All tests are in go/internal/editor/ and use only the standard library (testing package). No real cloud credentials or live API calls are made.

# Run all tests (67 tests across 2 files)
cd go
GOTOOLCHAIN=local go test ./internal/editor/ -v

# Run a specific test
GOTOOLCHAIN=local go test ./internal/editor/ -v -run TestBypassActorModeChange

# Run all packages
GOTOOLCHAIN=local go test ./...

Test files

File	Count	Coverage
editor_test.go	18 tests	Core edit operations, multi-line lists, comment preservation, hook
editor_extended_test.go	49 tests	GitHub provider shapes, list mutations, deep nesting, every comment edge case, hook path verification

Integration test (test.sh)

Requires a real GitHub token and the examples/ directory pointing at a live repository:

# Set up credentials
echo 'export GITHUB_TOKEN=ghp_...' > .env

# Run full end-to-end: build → checkout clean main.tf → plan → fix → validate
./test.sh

# Dry run
./test.sh --dry-run

The script:

1. Builds the binary from source.
2. Resets examples/main.tf to HEAD with git checkout.
3. Runs drift-fixer-go -path examples/ -verbose.
4. Exits 0 only if the second plan confirms no remaining drift.

---

Project Structure

drift-fixer/
├── drift-fixer-go          # compiled binary (gitignored)
├── test.sh                 # integration test script
├── examples/
│   └── main.tf             # test fixture (github provider resources)
└── go/
    ├── go.mod
    ├── go.sum
    ├── cmd/
    │   └── drift-fixer/
    │       └── main.go     # CLI entry point: flags, orchestration, validate
    └── internal/
        ├── planner/
        │   └── planner.go  # runs plan+show-json, diffs before/after, returns ResourceDrift list
        ├── finder/
        │   └── finder.go   # parses .tf AST to locate which file contains each resource
        └── editor/
            ├── editor.go       # hclwrite-based editor: ApplyDrift, RemoveResource, syncBody
            ├── hook.go         # CommentHook type + DRIFT_FIXER_COMMENT_SCRIPT loader
            ├── editor_test.go          # core unit tests (18)
            └── editor_extended_test.go # extended GitHub provider tests (49)

Package responsibilities

planner

• Runs <tf-bin> plan -out <tmp> followed by <tf-bin> show -json <tmp>.
• Iterates resource_changes in the JSON output.
• For delete actions: returns ResourceDrift{Delete: true}.
• For update/replace actions: walks change.before vs change.after, collects every key where the values differ, skips sensitive keys and after_unknown markers.

finder

• Walks the project directory for *.tf files.
• Parses each file with hclsyntax.ParseConfig (full AST, no regex).
• Returns a map of resourceAddress → filePath.

editor

• ApplyDrift — main entry point; opens file, finds resource block, calls syncBody, writes formatted output.
• RemoveResource — removes the entire resource {} block.
• syncBody — recursive; handles empty lists, block vs scalar distinction, block count policy, path accumulation for hooks.
• setAttributeVal — scalar/list writer; extracts and re-injects comments; calls hook for values with no existing comment.
• extractItemComments — token-stream parser that maps rendered value string → {before, inline} comment tokens.

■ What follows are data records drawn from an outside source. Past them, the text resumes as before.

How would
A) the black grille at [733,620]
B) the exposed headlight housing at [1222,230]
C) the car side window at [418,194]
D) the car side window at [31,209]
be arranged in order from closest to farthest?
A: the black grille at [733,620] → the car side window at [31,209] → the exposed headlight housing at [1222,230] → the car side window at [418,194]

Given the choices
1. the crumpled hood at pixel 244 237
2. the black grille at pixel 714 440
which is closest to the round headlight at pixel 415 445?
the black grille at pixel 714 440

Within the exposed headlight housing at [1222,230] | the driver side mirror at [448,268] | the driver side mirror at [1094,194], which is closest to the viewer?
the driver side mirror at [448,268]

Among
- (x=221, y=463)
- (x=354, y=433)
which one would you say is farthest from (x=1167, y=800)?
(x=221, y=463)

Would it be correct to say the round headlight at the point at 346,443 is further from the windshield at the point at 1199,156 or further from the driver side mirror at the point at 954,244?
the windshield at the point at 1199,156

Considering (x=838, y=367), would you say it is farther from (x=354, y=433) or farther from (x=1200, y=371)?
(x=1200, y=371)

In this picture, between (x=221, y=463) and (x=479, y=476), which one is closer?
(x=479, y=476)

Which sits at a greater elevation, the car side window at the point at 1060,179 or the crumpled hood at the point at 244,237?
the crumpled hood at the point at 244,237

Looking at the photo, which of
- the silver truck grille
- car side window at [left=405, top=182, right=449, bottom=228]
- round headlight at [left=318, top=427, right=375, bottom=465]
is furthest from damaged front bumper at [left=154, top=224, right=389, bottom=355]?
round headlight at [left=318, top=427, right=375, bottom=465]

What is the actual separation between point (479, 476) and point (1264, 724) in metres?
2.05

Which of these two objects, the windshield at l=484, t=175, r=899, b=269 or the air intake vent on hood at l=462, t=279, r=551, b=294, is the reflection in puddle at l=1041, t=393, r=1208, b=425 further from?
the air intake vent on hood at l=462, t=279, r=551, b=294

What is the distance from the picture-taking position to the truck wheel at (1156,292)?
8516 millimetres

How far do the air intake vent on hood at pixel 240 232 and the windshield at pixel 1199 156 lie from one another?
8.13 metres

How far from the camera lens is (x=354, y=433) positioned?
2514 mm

Keyed by value content so comments survive list reordering.
• multilineListTokens — builds hclwrite.Tokens for a multi-line list, re-inserting preserved comments and hook-generated comments in the right spots.

hook

• CommentHook — function type (rType, rName, path, value) → comment.
• LoadCommentHook — reads DRIFT_FIXER_COMMENT_SCRIPT; returns a hook that exec's the script with context via env vars, or nil if unset.